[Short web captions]
____
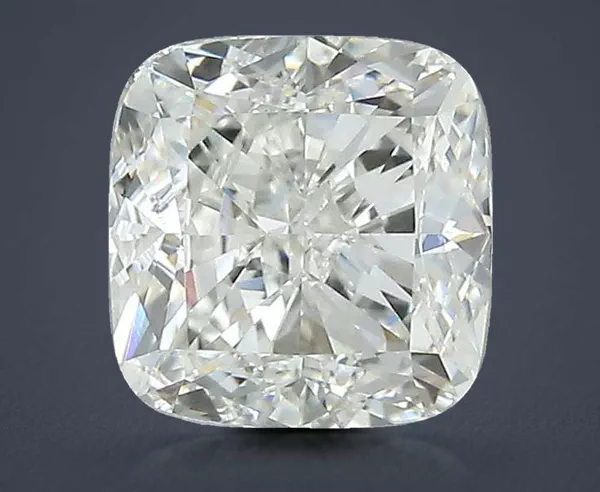 1.5 Carat · J · VS2 very good Cut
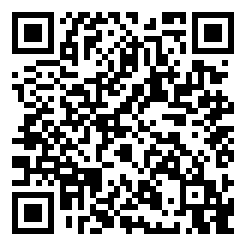 猫咪阅读二维码图片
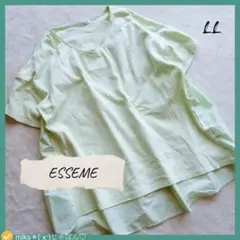 Item thumbnail for item 3d039b0d-89f5-4353-b762-7722b612a165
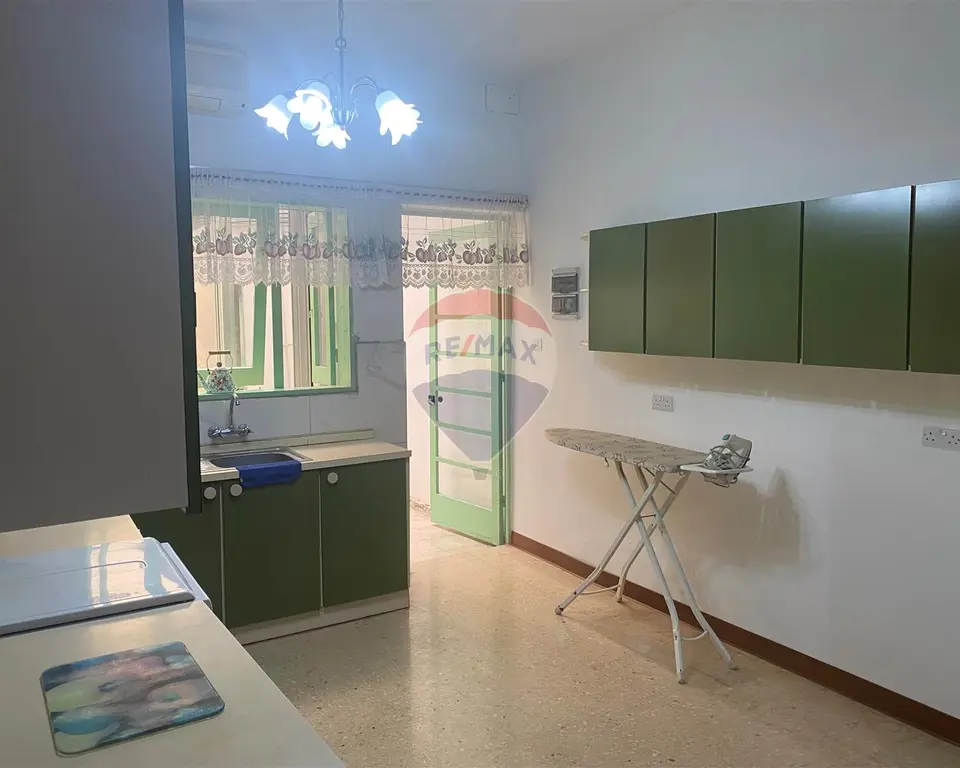 2 bedroom Maisonette to rent in Ghaxaq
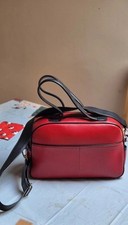 Brussels airlines Female Crew Bag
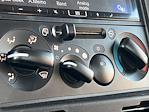 2024 Chevrolet LCF 4500 Regular Cab RWD Bedrock Contractor Truck for sale #240010 - photo 50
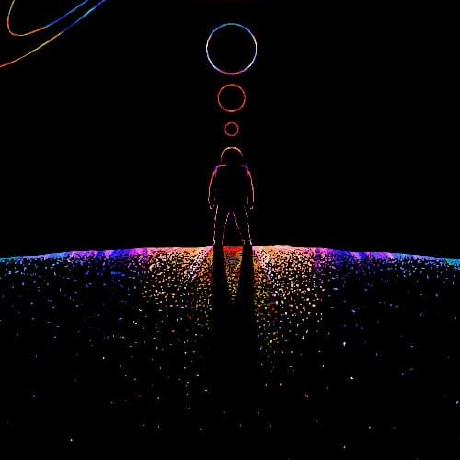 Its Shinde4241 Shubham Namdev Shinde Github - Vintage Designs - Stunning Mobile Collection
____
Line by line and exactly, reproduce the span from the line with "Item thumbnail for" through the end of the data above, both ends included, with pictures left out.

## [Written solution]
 Item thumbnail for item 3d039b0d-89f5-4353-b762-7722b612a165
 2 bedroom Maisonette to rent in Ghaxaq
 Brussels airlines Female Crew Bag
 2024 Chevrolet LCF 4500 Regular Cab RWD Bedrock Contractor Truck for sale #240010 - photo 50
 Its Shinde4241 Shubham Namdev Shinde Github - Vintage Designs - Stunning Mobile Collection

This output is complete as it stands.